October 2, 2012:
She’s Tending the Gardens at Local Restaurants

For a story about the gardens Sara Gasbarra (near rose-scented geraniums) has tended for different restaurants during the growing season, including this one at Floriole Cafe and Bakery, photographed on Friday, September 14, 2012 in Chicago. | Richard A. Chapman~Sun-Times
Notice a hint of green peeking out from a restaurant roof, even as fall creeps into Chicago?
It might be a garden. Over the past few years, restaurants all over Chicago have started growing their own food in an attempt to take the local food craze to the next level with distances measured in feet, not miles. Unfortunately, many chefs discover that consistent gardening takes work, specialized skills, and above all, time, of which they have precious little.
Enter Sara Gasbarra, owner of Verdura, a business that creates and maintains custom gardens for some of Chicago’s best restaurants.
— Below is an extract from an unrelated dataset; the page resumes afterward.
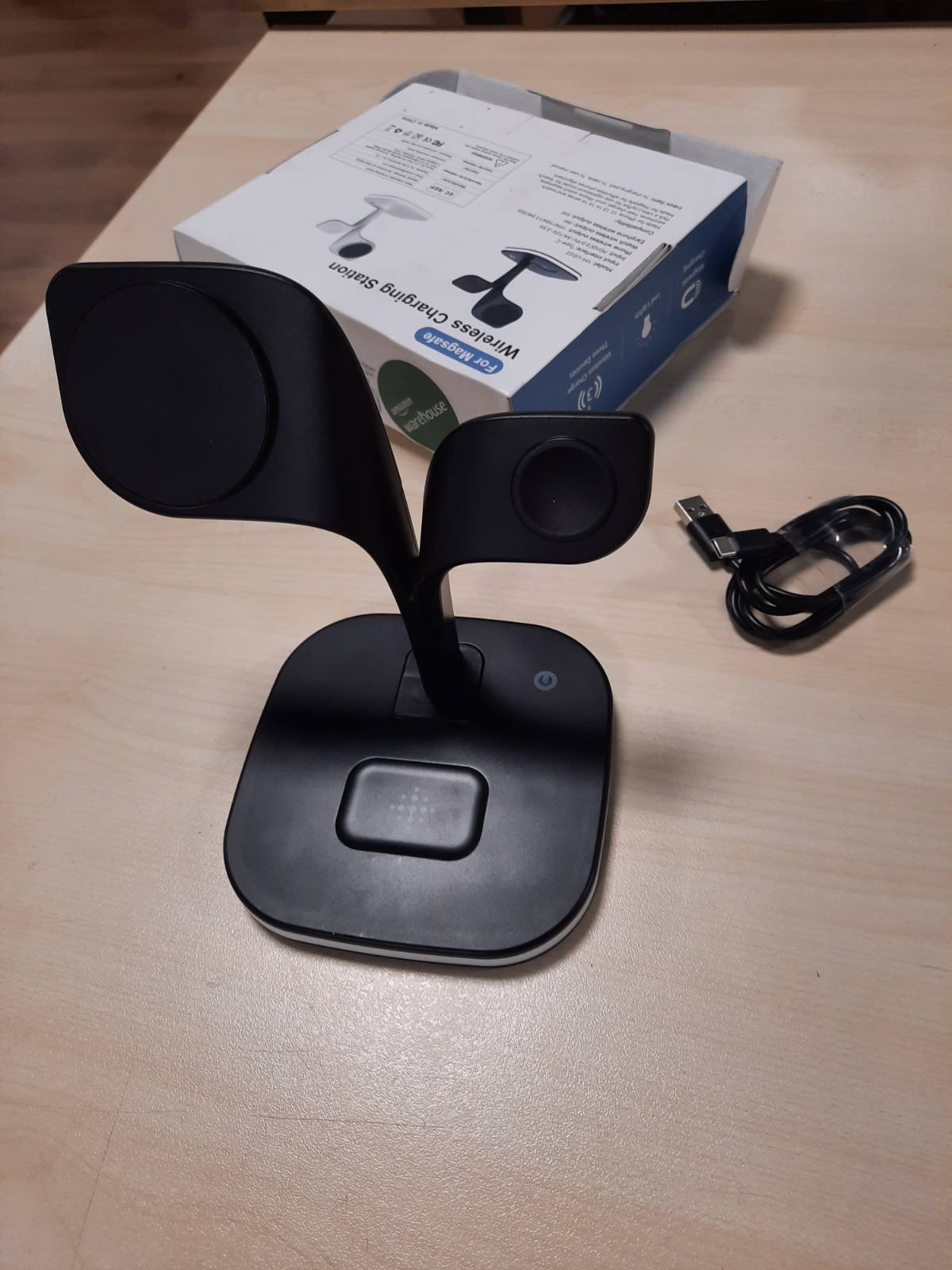 266423 - Apple Stacion karikimi 3-në-1 për Apple Watch dhe iPhone, karikues magnetik MagSafe, për iPhone 17/16/15/14/13/12, Apple Watch 11/10/9/8/7/6/5/4/3/2 SE Ultra, AirPods Pro/4/3/2 (me adaptor energjie 20W)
Creating restaurant gardens might sound like a cushy job, but this isn’t your backyard lettuce patch or ornamental flower box. These gardens are on rooftops, up ladders, in parking lots and on balconies. They have to produce reliably even during bad weather, prove useful to the chefs who are paying for them and (ideally) turn a profit for Gasbarra. I spent a day visiting her gardens to learn how she does it and why chefs and restaurants should bother growing their own food.